Latency
Scores traces based on response time. Set a target and max threshold — the score interpolates linearly between them.
What Gets Measured
The latency evaluator measures the total trace duration: the difference between the end_time and start_time of the root span. This captures the full end-to-end time your agent took to produce a response, including all LLM calls, tool invocations, and any intermediate processing.

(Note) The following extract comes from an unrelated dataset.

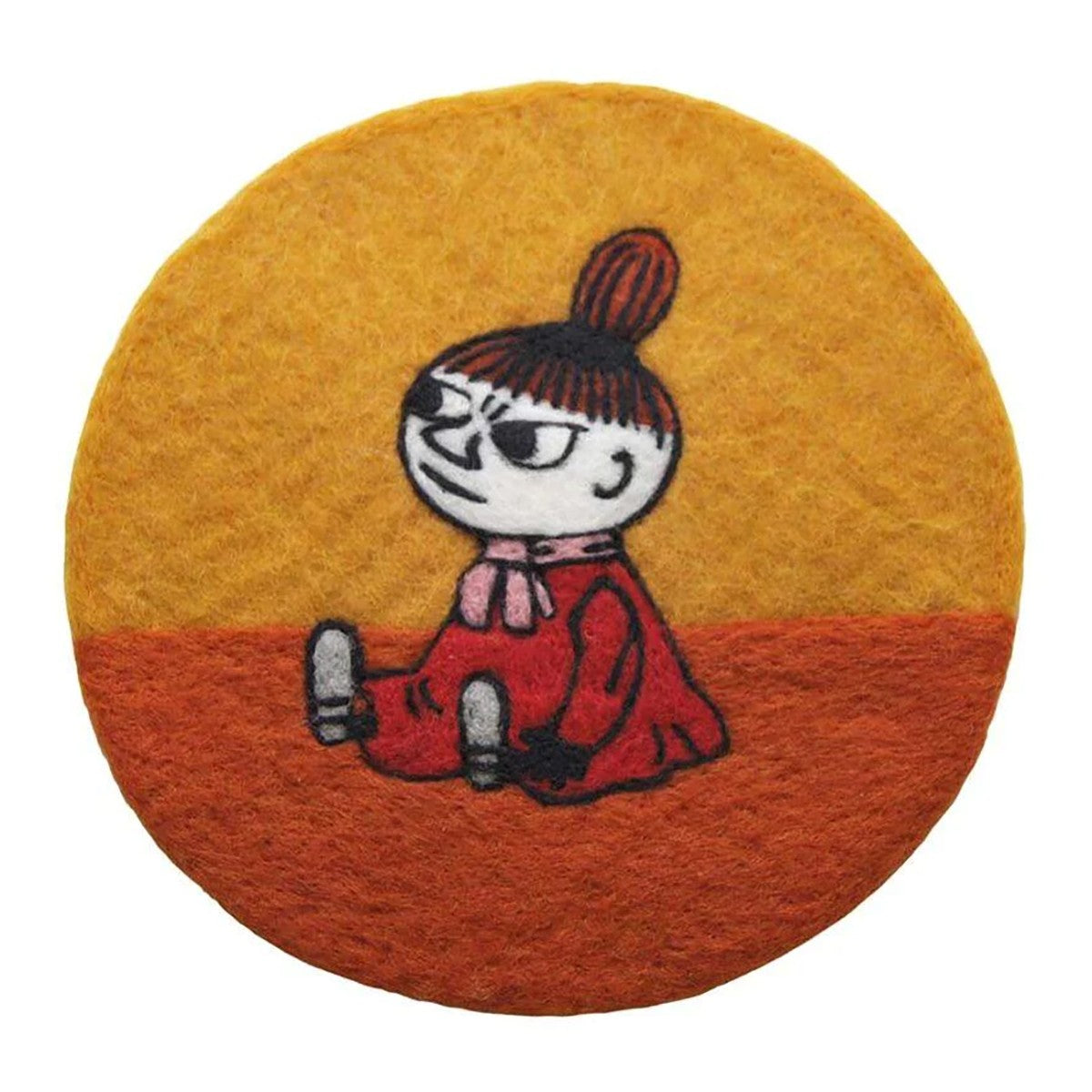 Klippan Little My Orange / Red Felted Wool Trivet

If your trace has multiple LLM spans (e.g., a chain of reasoning steps), the latency score reflects the cumulative wall-clock time, not individual span durations.
Config
| Field | Type | Required | Default | Description |
|---|---|---|---|---|
max_ms | number | Yes | — | Max acceptable latency in ms (score = 0 above this) |
target_ms | number | No | max_ms / 2 | Ideal latency in ms (score = 1 below this) |
Example
{
"max_ms": 5000,
"target_ms": 1000
}Scoring
- Below
target_ms: score = 1.0 - Between
target_msandmax_ms: linear interpolation (1.0 → 0.0) - Above
max_ms: score = 0.0
How Scoring Works
The score is computed using a piecewise linear function:
if duration <= target_ms:
score = 1.0
elif duration >= max_ms:
score = 0.0
else:
score = max(0, 1 - (duration - target_ms) / (max_ms - target_ms))For example, with target_ms = 1000 and max_ms = 5000:
| Duration | Score |
|---|---|
| 500ms | 1.0 |
| 1000ms | 1.0 |
| 2000ms | 0.75 |
| 3000ms | 0.50 |
| 4000ms | 0.25 |
| 5000ms | 0.0 |
| 8000ms | 0.0 |
Use Cases
- SLA monitoring — enforce response-time guarantees for production agents. Set
max_msto your SLA limit and get alerted when traces breach it. - User experience thresholds — keep chatbot responses fast enough that users don't abandon the conversation. Studies show users expect sub-2-second responses for conversational AI.
- Comparing model latencies — run the same evaluator across traces from different models (e.g., GPT-4o vs Claude Sonnet) to quantify speed differences.
- Regression detection — track latency scores over time to catch regressions from prompt changes, new tool integrations, or provider-side slowdowns.
Choosing Thresholds
Thresholds depend on your use case. Here are recommended starting points:
| Use Case | target_ms | max_ms | Rationale |
|---|---|---|---|
| Chatbot / conversational | 1000 | 5000 | Users expect near-instant replies; 5s feels unresponsive |
| Real-time / autocomplete | 200 | 1000 | Must feel instantaneous; any perceptible delay breaks UX |
| Batch processing / pipelines | 10000 | 60000 | Throughput matters more than individual latency |
| Agentic workflows | 5000 | 30000 | Multi-step reasoning takes time; set generous but bounded limits |
| API endpoints | 500 | 3000 | Downstream services often have their own timeouts |
Start with generous thresholds and tighten them as you understand your baseline. Use the dashboard's latency distribution chart to see where most traces land.
Combining with Cost
Latency and cost often trade off against each other. Faster models tend to cost more, and techniques like caching reduce latency but increase infrastructure cost. Use both evaluators together to find the sweet spot:
- Attach both a Latency and Cost evaluator to the same project.
- Filter traces in the dashboard by those that score well on both — these represent your optimal configurations.
- If latency scores are high but cost scores are low, consider a smaller or cheaper model.
- If cost scores are high but latency scores are low, consider caching, streaming, or parallelizing LLM calls.